■ **Work task**
Copy the first line of the material below and every later line through the line containing "Schraubterminal D=3+4 bis", without any other output.

■ **Available records**
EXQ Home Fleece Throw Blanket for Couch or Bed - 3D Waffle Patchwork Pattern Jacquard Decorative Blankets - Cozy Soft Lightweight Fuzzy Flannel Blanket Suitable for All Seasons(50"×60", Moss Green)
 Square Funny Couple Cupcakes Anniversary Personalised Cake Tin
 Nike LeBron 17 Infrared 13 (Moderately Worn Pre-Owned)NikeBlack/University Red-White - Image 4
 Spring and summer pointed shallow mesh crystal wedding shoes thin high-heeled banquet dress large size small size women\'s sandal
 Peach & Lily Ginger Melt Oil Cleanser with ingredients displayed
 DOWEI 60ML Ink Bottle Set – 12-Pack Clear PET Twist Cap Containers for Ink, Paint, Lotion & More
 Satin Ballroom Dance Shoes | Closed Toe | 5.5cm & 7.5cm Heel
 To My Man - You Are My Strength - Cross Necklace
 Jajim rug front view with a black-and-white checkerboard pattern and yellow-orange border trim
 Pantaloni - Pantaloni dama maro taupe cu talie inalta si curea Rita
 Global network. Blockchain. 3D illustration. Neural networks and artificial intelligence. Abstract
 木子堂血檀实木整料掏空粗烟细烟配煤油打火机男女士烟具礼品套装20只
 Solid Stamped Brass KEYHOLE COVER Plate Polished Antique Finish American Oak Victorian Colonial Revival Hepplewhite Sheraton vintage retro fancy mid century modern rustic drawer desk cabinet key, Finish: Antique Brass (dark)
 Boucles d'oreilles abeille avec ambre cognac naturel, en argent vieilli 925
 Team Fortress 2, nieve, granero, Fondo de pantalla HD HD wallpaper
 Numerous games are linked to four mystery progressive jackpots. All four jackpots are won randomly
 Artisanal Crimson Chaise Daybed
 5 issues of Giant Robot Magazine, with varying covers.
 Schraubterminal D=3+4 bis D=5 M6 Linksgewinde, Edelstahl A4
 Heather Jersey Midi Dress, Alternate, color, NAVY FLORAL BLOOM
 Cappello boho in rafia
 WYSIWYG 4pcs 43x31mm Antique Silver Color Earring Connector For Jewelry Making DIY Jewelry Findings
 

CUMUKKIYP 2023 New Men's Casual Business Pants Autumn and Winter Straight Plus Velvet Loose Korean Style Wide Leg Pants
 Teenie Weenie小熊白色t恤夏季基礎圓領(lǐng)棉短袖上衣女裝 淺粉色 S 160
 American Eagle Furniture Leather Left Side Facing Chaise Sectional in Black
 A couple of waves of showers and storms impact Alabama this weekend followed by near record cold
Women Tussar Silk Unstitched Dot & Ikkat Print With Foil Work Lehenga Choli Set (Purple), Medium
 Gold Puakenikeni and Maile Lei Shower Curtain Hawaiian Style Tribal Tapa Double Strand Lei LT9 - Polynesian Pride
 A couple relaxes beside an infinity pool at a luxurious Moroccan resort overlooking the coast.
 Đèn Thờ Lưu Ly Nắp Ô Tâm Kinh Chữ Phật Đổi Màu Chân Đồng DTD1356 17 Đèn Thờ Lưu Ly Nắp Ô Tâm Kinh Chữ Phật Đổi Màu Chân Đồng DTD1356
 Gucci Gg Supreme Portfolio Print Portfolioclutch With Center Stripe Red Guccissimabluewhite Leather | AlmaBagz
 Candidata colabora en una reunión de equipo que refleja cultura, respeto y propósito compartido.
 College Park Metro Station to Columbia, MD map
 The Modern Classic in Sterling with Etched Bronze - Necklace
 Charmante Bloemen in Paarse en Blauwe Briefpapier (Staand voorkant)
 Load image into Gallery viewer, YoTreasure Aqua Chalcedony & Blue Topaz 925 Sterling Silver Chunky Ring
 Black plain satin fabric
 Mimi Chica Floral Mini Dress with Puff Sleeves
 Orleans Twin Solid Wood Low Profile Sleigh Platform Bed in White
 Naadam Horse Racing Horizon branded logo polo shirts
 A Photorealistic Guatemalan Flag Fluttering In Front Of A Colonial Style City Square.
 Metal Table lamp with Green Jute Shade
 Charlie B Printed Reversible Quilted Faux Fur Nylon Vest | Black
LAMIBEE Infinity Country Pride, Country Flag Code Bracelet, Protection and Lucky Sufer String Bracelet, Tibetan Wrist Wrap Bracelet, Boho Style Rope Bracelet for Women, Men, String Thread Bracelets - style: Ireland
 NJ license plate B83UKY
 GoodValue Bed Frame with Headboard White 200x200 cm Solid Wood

■ **Task answer**
EXQ Home Fleece Throw Blanket for Couch or Bed - 3D Waffle Patchwork Pattern Jacquard Decorative Blankets - Cozy Soft Lightweight Fuzzy Flannel Blanket Suitable for All Seasons(50"×60", Moss Green)
 Square Funny Couple Cupcakes Anniversary Personalised Cake Tin
 Nike LeBron 17 Infrared 13 (Moderately Worn Pre-Owned)NikeBlack/University Red-White - Image 4
 Spring and summer pointed shallow mesh crystal wedding shoes thin high-heeled banquet dress large size small size women\'s sandal
 Peach & Lily Ginger Melt Oil Cleanser with ingredients displayed
 DOWEI 60ML Ink Bottle Set – 12-Pack Clear PET Twist Cap Containers for Ink, Paint, Lotion & More
 Satin Ballroom Dance Shoes | Closed Toe | 5.5cm & 7.5cm Heel
 To My Man - You Are My Strength - Cross Necklace
 Jajim rug front view with a black-and-white checkerboard pattern and yellow-orange border trim
 Pantaloni - Pantaloni dama maro taupe cu talie inalta si curea Rita
 Global network. Blockchain. 3D illustration. Neural networks and artificial intelligence. Abstract
 木子堂血檀实木整料掏空粗烟细烟配煤油打火机男女士烟具礼品套装20只
 Solid Stamped Brass KEYHOLE COVER Plate Polished Antique Finish American Oak Victorian Colonial Revival Hepplewhite Sheraton vintage retro fancy mid century modern rustic drawer desk cabinet key, Finish: Antique Brass (dark)
 Boucles d'oreilles abeille avec ambre cognac naturel, en argent vieilli 925
 Team Fortress 2, nieve, granero, Fondo de pantalla HD HD wallpaper
 Numerous games are linked to four mystery progressive jackpots. All four jackpots are won randomly
 Artisanal Crimson Chaise Daybed
 5 issues of Giant Robot Magazine, with varying covers.
 Schraubterminal D=3+4 bis D=5 M6 Linksgewinde, Edelstahl A4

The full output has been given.